Copy, word for word, the line containing "Bác sĩ rọi đèn" and each line that follows it in the entries below; pictures do not belong in the copy.

═════ Task input ═════

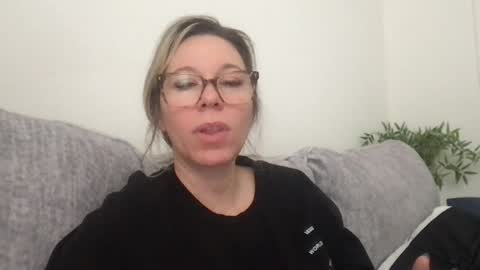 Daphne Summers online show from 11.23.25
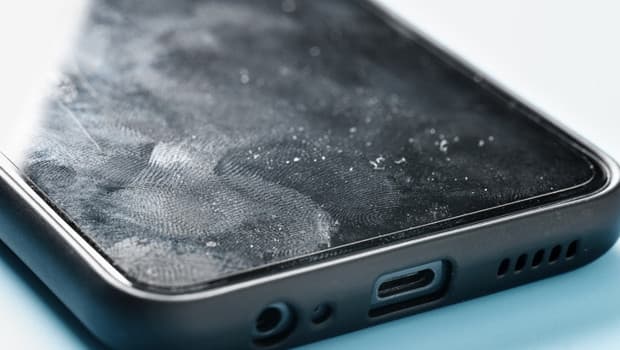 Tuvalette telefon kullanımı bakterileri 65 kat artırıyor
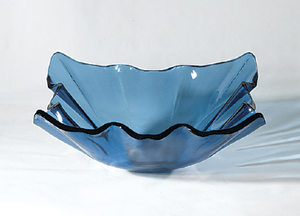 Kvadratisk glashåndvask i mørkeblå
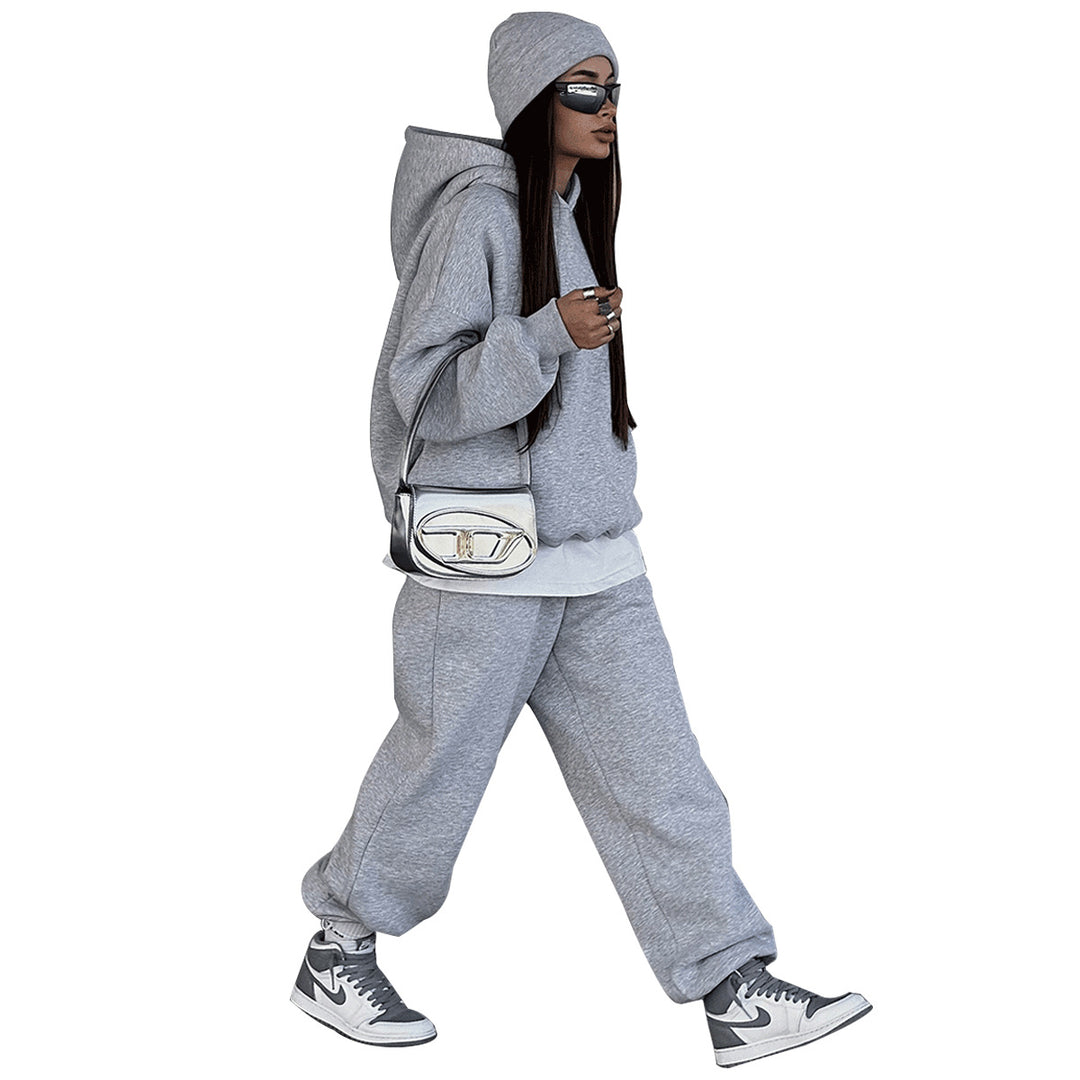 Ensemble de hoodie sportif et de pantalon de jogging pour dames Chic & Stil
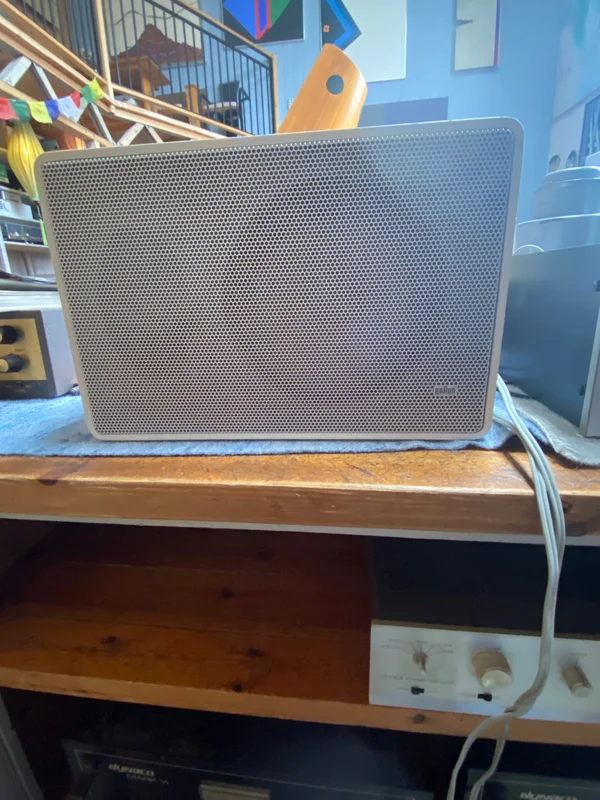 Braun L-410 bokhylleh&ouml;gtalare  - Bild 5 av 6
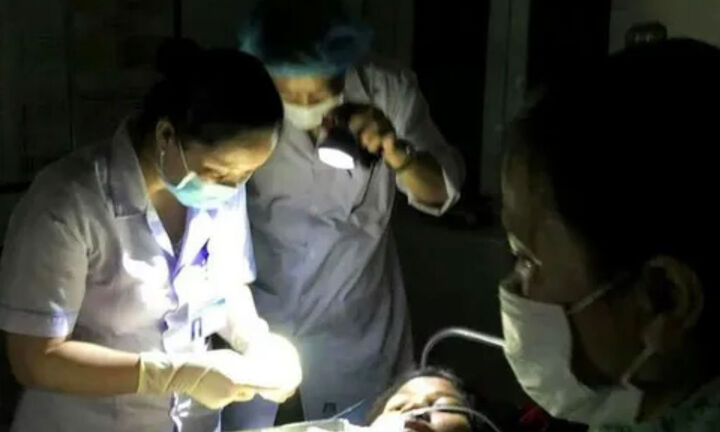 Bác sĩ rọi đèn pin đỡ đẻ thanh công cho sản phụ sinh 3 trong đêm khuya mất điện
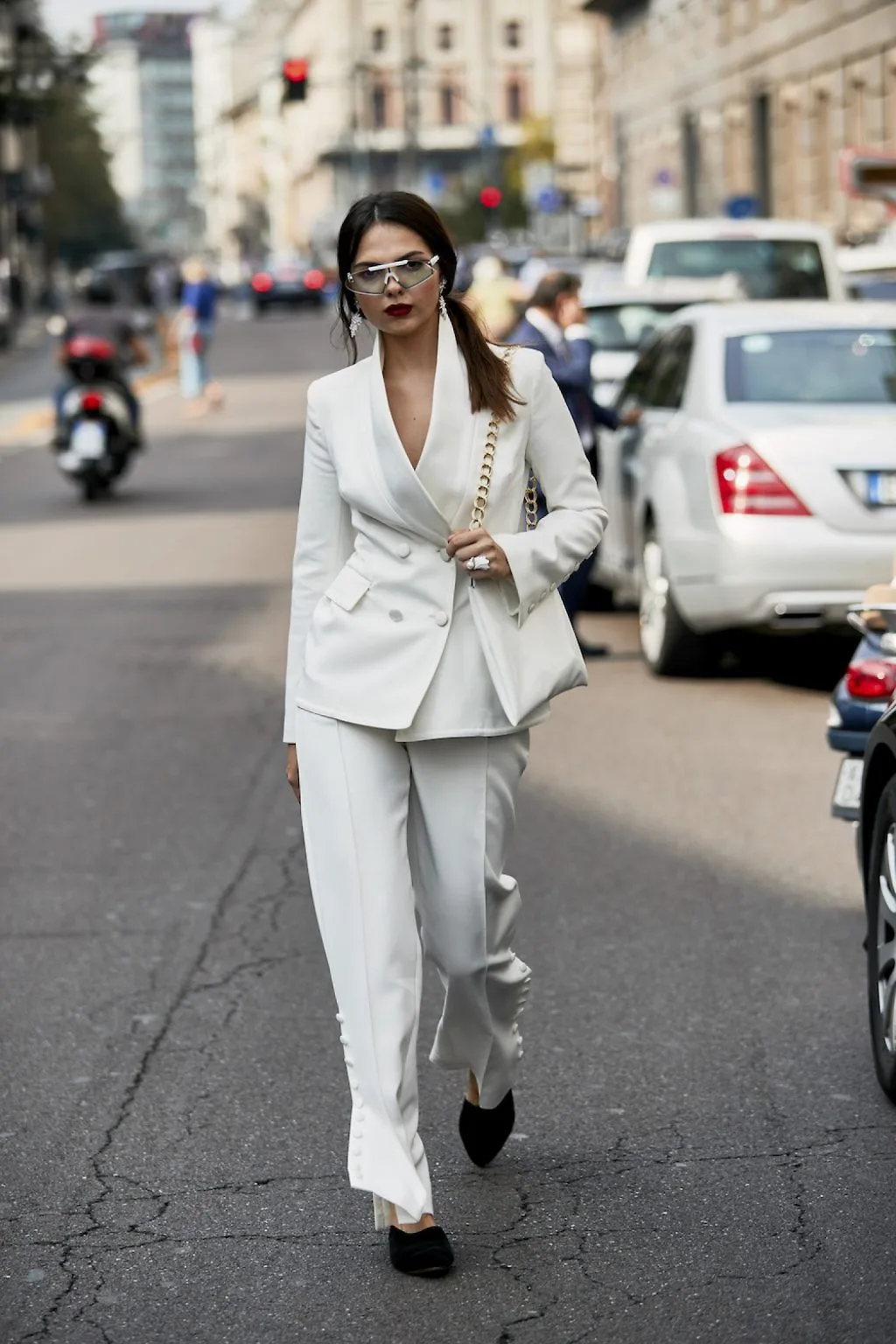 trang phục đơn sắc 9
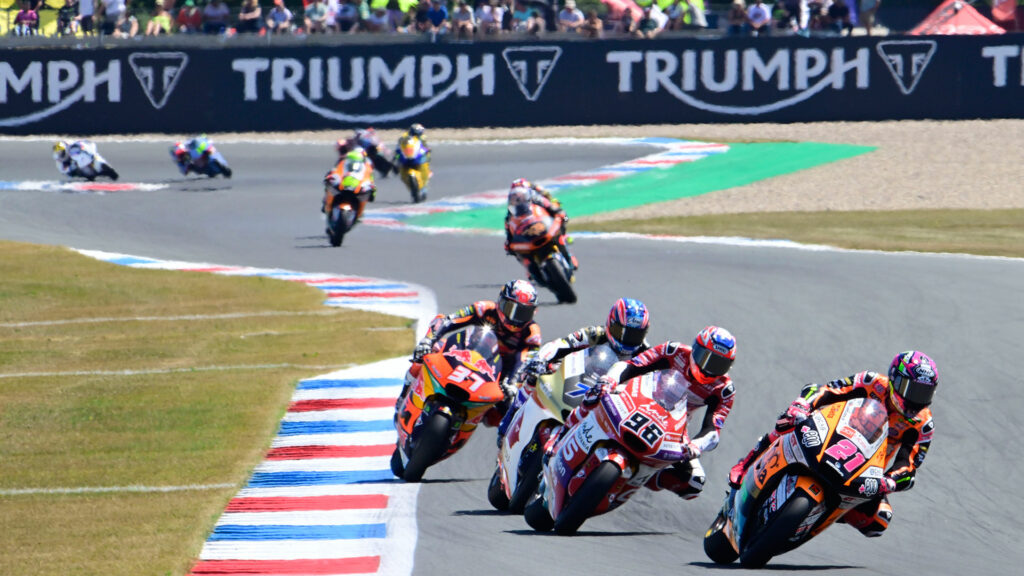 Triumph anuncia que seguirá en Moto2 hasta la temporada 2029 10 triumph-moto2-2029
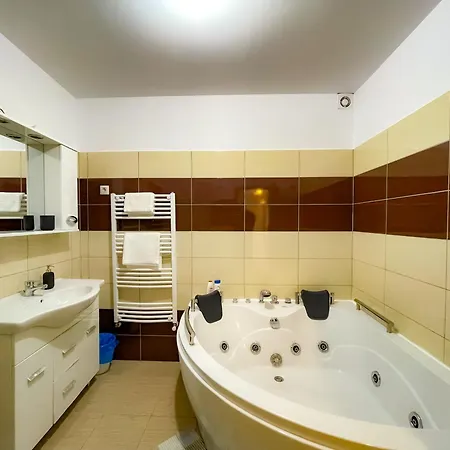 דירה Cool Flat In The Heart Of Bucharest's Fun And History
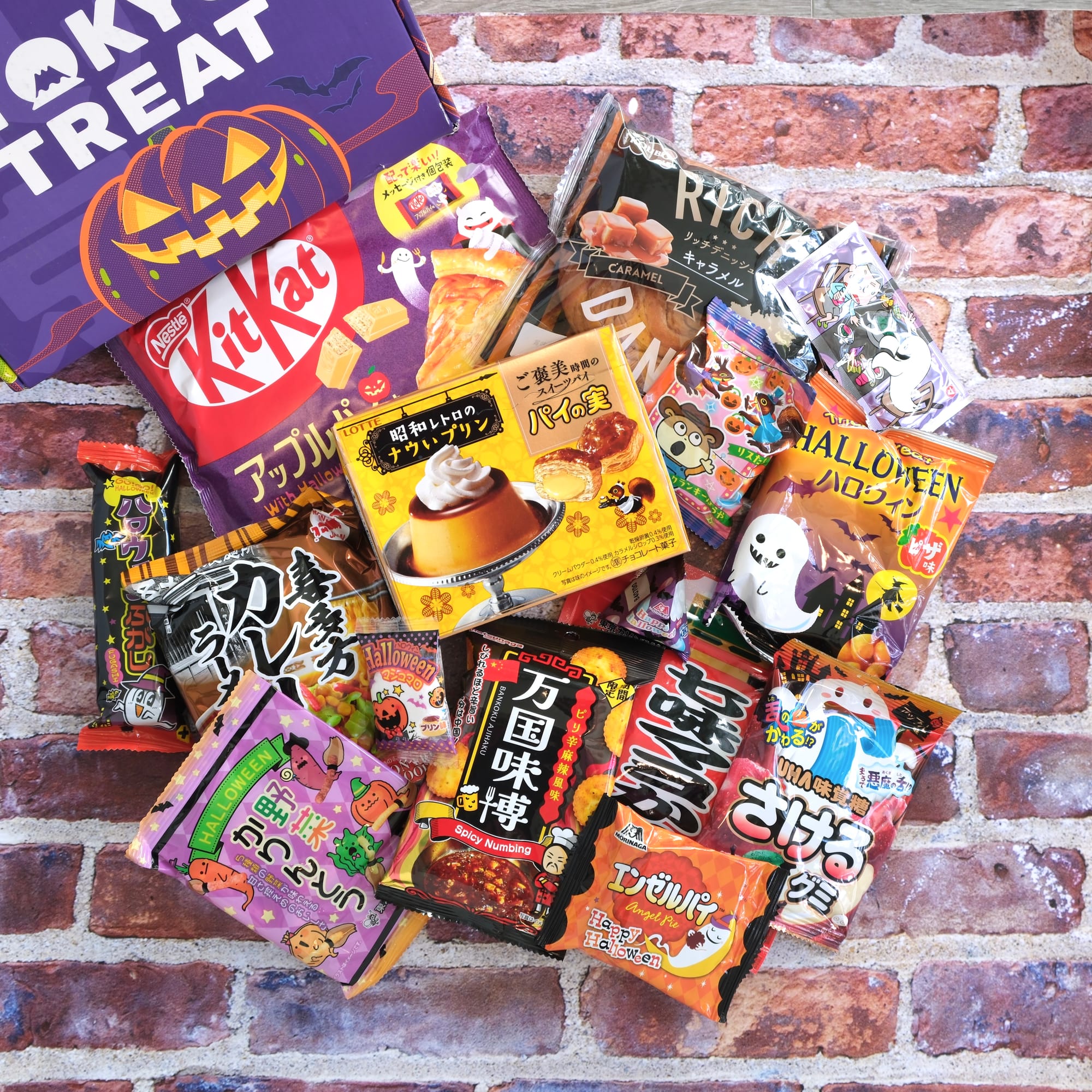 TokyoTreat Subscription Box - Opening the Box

═════

» Reply:
 Bác sĩ rọi đèn pin đỡ đẻ thanh công cho sản phụ sinh 3 trong đêm khuya mất điện
 trang phục đơn sắc 9
 Triumph anuncia que seguirá en Moto2 hasta la temporada 2029 10 triumph-moto2-2029
 דירה Cool Flat In The Heart Of Bucharest's Fun And History
 TokyoTreat Subscription Box - Opening the Box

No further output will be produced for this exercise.